From Theory to Shippable Workflows
The article pivots to a practical case study involving Clay, a data enrichment platform, to demonstrate how this model works in the real world. Kramer interviews Mishti Sharma, who leads product marketing at Clay, to illustrate that these events are not mere training sessions but production engines. "Our hackathons are a great way for us to get customers to turn the very fluffy kind of AI speak that's out there into actually building some workflows," Sharma explains. The result is tangible: in a single day, clients like Vanta automated tasks that previously took hours, and Amplitude cleaned up their contact databases.
Kramer uses this evidence to dismantle the idea that AI adoption requires a massive, months-long implementation project. Instead, she advocates for a "build day" structure where teams pair up, focus on specific bottlenecks, and ship a working prototype by the end of the day. She emphasizes that the goal is to move teams from "I should use this tool" to actually using it for real problems. This shift from passive consumption to active creation is the core of her argument.
The author's recommendation to include constraints—such as limiting the team to one specific tool or problem type—is a crucial tactical detail. Without these boundaries, teams often suffer from "blank page syndrome," paralyzed by the infinite possibilities of generative AI. By narrowing the scope, the hackathon forces creativity within a manageable frame. "It's a win-win," Kramer concludes, noting that these events build rapport and spark org-wide curiosity.
"The more you sleep on AI, or limit your AI usage to helping you write content, the worse off you will be."

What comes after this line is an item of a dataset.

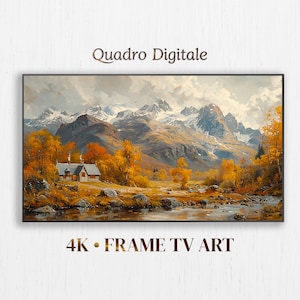 Fall Frame TV Art, Scottish Highlands Landscape Painting, Mountain Art for Samsung, Instant Download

Critics might argue that focusing on "quick wins" and "scrappy builds" risks creating technical debt or fragmented tools that cannot be integrated into the broader technology stack. If every hackathon produces a unique, unconnected script or workflow, the organization could end up with the very "tool sprawl" Kramer warns against. The article acknowledges the need to "incorporate some of the projects" afterward, but the long-term maintenance of these rapid prototypes remains a potential vulnerability.
A Blueprint for Action
Kramer concludes by providing a step-by-step guide for running an internal marketing AI hackathon, moving from the abstract to the operational. She advises leaders to pick a mandatory day, set clear constraints, and ensure that every project is shippable within 24 hours. The emphasis is on momentum: "Don't let this drag into 'we'll present eventually.'" She suggests that the energy of the event should be sustained through demos and even light judging, turning the process into a celebratory event rather than a chore.
The specific tool recommendations—ranging from no-code platforms like Lovable and Retool to design tools like Figma Make—reflect a shift toward "vibe coding," where the barrier to entry for building software is lower than ever. This democratization of development is central to her thesis: if marketers can build their own tools, they no longer need to wait for engineering resources. "We all know it's time to get on board with AI or get left behind," she writes, but the "how" has always been the missing piece. Her solution is to stop waiting for the perfect strategy and start building imperfectly, quickly, and together.
Bottom Line
Emily Kramer's argument is strongest in its rejection of abstract AI strategy in favor of immediate, tangible experimentation; the "hackathon" model effectively bypasses the paralysis that often stalls digital transformation. However, the piece's biggest vulnerability lies in its optimism regarding the long-term viability of rapid prototypes, which may struggle to survive the scrutiny of enterprise governance and maintenance. Leaders should adopt the spirit of the hackathon but must pair it with a rigorous post-event process to ensure these "scrappy builds" evolve into sustainable assets rather than digital clutter.